BöSEL - Ein halbes Jahrhundert ist es nun her, als sie aus der katholischen Volksschule Bösel entlassen worden sind. Zeit genug, um sich einmal wieder zu einem Klassentreffen zu versammeln. Bereits 30 und 44 Jahre nach ihrer Schulentlassung hatten sich die ehemaligen Schülerinnen und Schüler wieder getroffen.

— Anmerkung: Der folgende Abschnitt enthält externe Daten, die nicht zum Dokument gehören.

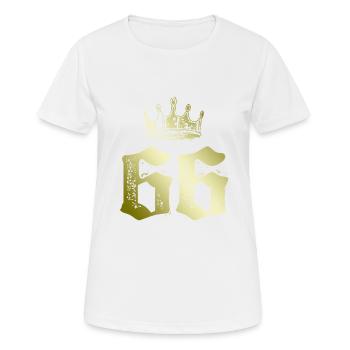 66 Couronne numérique - T-shirt respirant Femme - blanc - Devant - AI Model Female 172 dark (172cm)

Clemens Nording. Paula Kleymann, Erna Frerichs, Walter Otto und Gerhard Höffmann hatten diesmal das Wiedersehen organisiert. Am Nachmittag stand zunächst ein interessantes Besichtigungsprogramm an. So lernten die „Schüler von damals" das neue Rathaus kennen. Schulleiter Hans Werner führte die Gruppe durch die St.-Martin-Schule. Ein Teil dieser Schule ist die ehemalige Volksschule gewesen. Interessant waren hier für alle die neuen Räumlichkeiten im „langen Jammer“, die kürzlich erst fertig gestellt worden sind. Durch die Haupt- und Realschule und durch die neue Mensa führte dann mit großem Vergnügen Rektor Herbert Bley.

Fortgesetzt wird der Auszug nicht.